# DATA PROVIDED
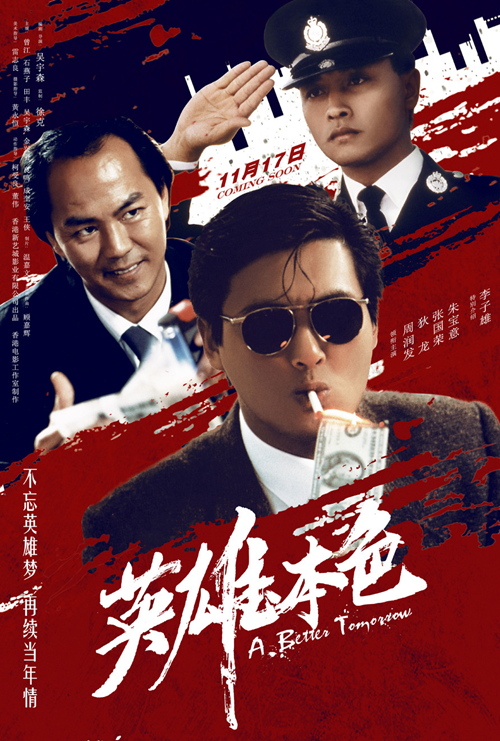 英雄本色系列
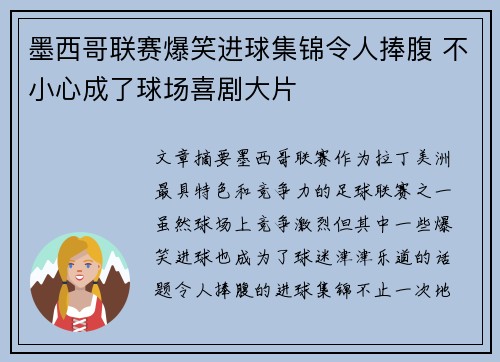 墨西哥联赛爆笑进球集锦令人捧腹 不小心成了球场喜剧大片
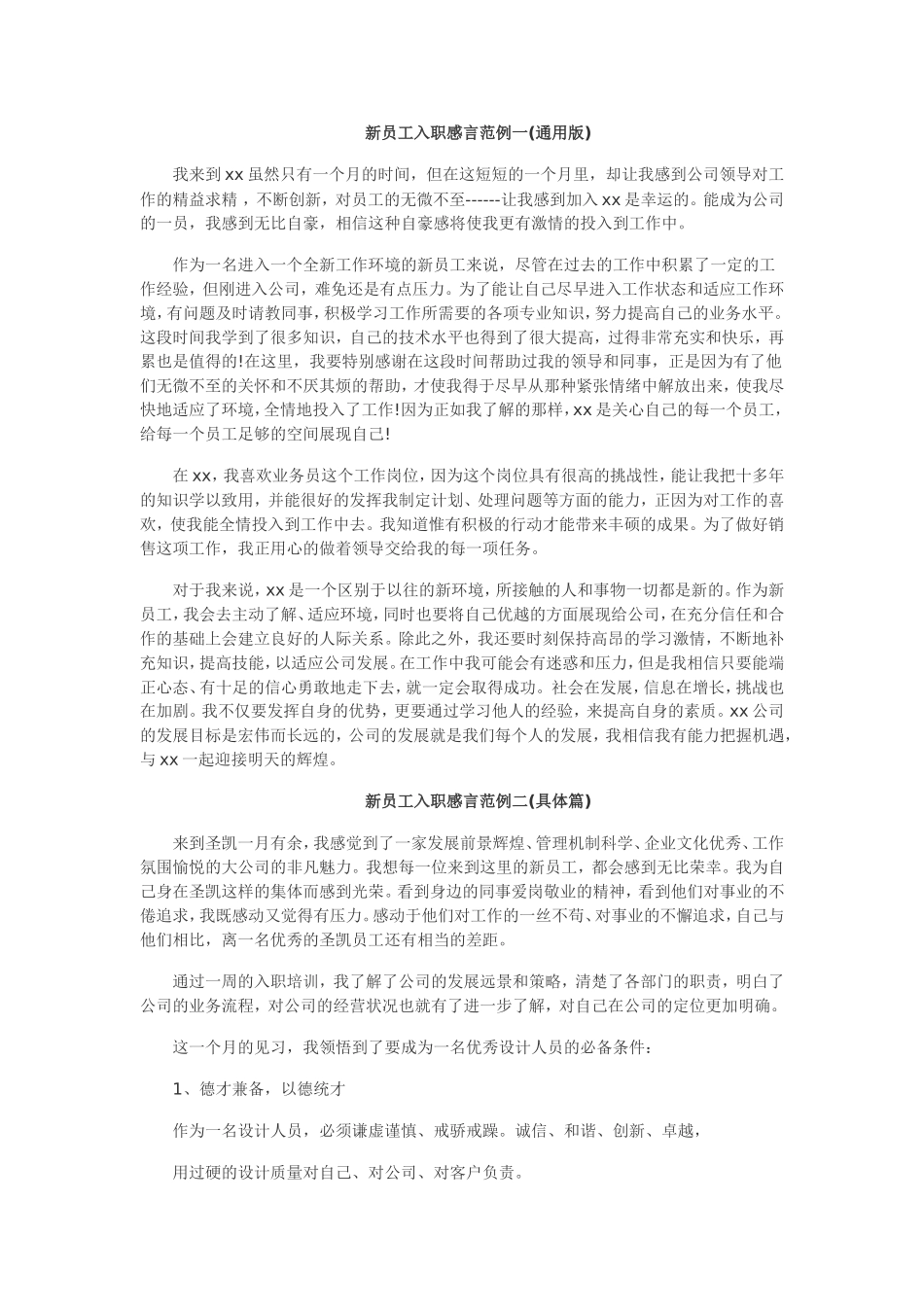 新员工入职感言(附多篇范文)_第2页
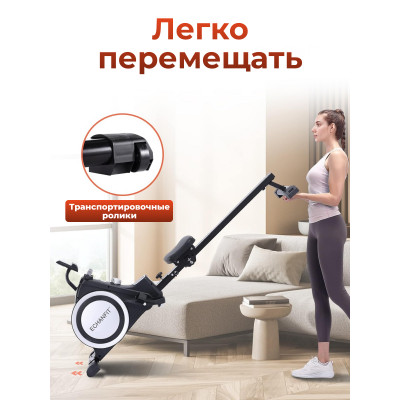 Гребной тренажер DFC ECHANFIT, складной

# WORK TASK
The result should be a transcript of the lines from the line containing "墨西哥联赛爆笑进球集锦令人捧腹 不小心成了球场喜剧大片" through the end of the listing above, exact, inclusive, and without pictures.

# TASK SOLUTION
 墨西哥联赛爆笑进球集锦令人捧腹 不小心成了球场喜剧大片
 新员工入职感言(附多篇范文)_第2页
 Гребной тренажер DFC ECHANFIT, складной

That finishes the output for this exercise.